In mathematical terms, this relationship is described by a function:

f(X) = Y


Here, X represents a vector of input parameters (e.g., pH, temperature, water volume), and Y is the resulting response (e.g., yield). This function helps us formalise how inputs map to outputs – forming the foundation for statistical modelling and, eventually, machine learning.

m i n d s e t

Conceptual understanding is crucial, especially for us humans, because it allows us to visualise and reason about abstract ideas like the design space. When we mentally picture the design space as a landscape with peaks, valleys, and contours representing the response, we begin to approach experimentation not as a series of isolated trials, but as a journey through a structured environment.

This shift in mindset has profound implications. Instead of simply testing conditions at random or based on intuition, we begin to ask: What region of the space am I in? How might a small change in one variable move me along the surface? Am I climbing toward a better response, or descending into less desirable outcomes?

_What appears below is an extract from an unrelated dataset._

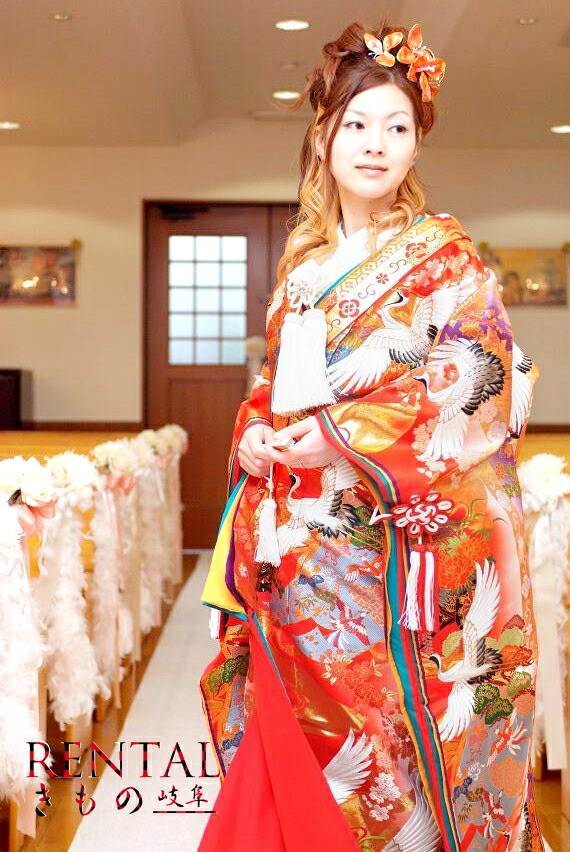 095U【花嫁御寮赤いこと打掛一揃い賃借/4泊5日/往復貨物輸送無料】《花嫁御寮 御召しもの 貸御召しもの 打ち掛け 打掛 色打掛 新和装 打掛賃借 色打掛賃借 和 華燭の典御召しもの フルセット 打掛一揃い 往復貨物輸送無料 赤 緑 金 重衿 白鶴》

In this way, a strong conceptual grasp of the design space doesn’t just support better analysis – it shapes the way we design, plan, and interpret experiments, allowing for more informed decision-making, deeper insights, and ultimately more efficient scientific discovery.

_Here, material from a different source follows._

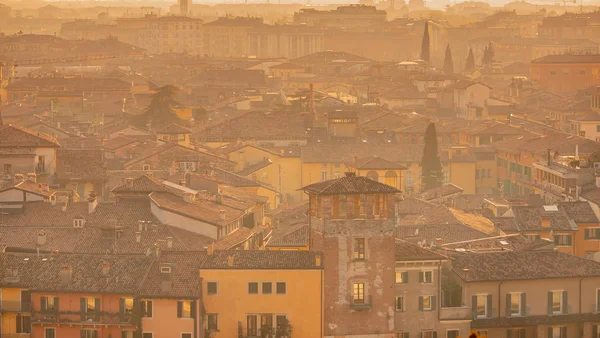 Krásný letecký pohled panorama město most západ slunce Verona Itálie — Stock fotografie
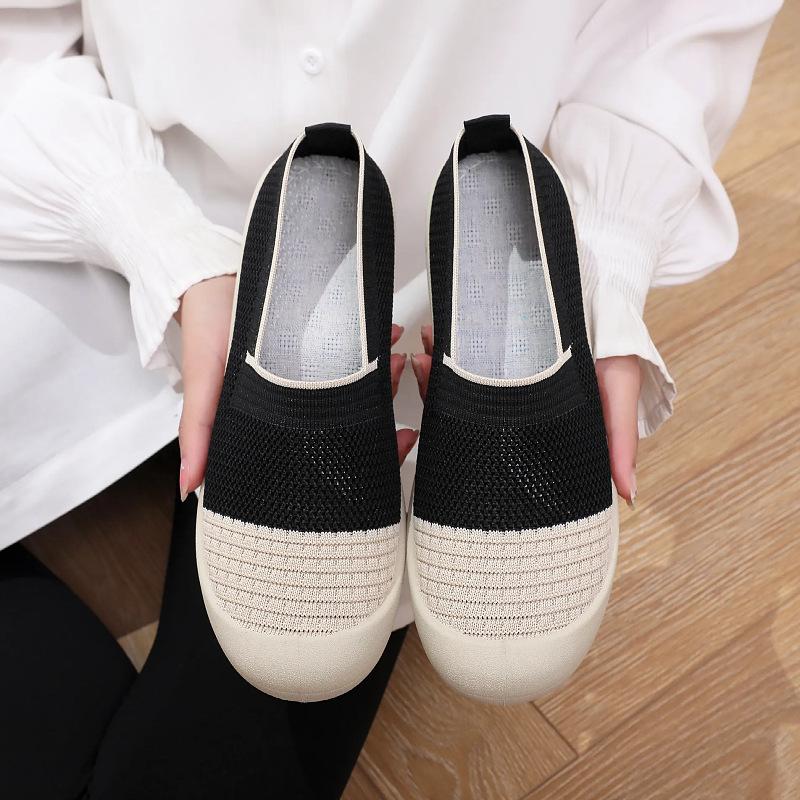 Processing and Customization of New Summer Women's Fly-woven Mesh, Versatile and Comfortable One-pedal Breathable Casual Soft-soled Mother Shoes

During my PhD, I came across a citation by geographer Waldo Tobler, whose First Law of Geography states:

Everything is related to everything else, but near things are more related than distant things.

W. Tobler

Though originally meant for geographic systems, this idea has deeply influenced how I think about design spaces in experimental science. In a way, Tobler’s law maps intuitively onto our understanding of response surfaces. Nearby points in the design space – experiments with similar parameter values – are likely to produce similar outcomes. As you move further away, the behaviour may begin to diverge.

P(Y=Y')\propto d(X, X')

This makes me think of the design space as a kind of map – a landscape that we gradually explore and uncover through experimentation. Each experiment is like stepping into uncharted territory, revealing a small piece of the terrain. With every new data point, we illuminate previously unknown regions, discover unexpected peaks (optimal conditions), and sometimes encounter valleys or cliffs (undesirable outcomes).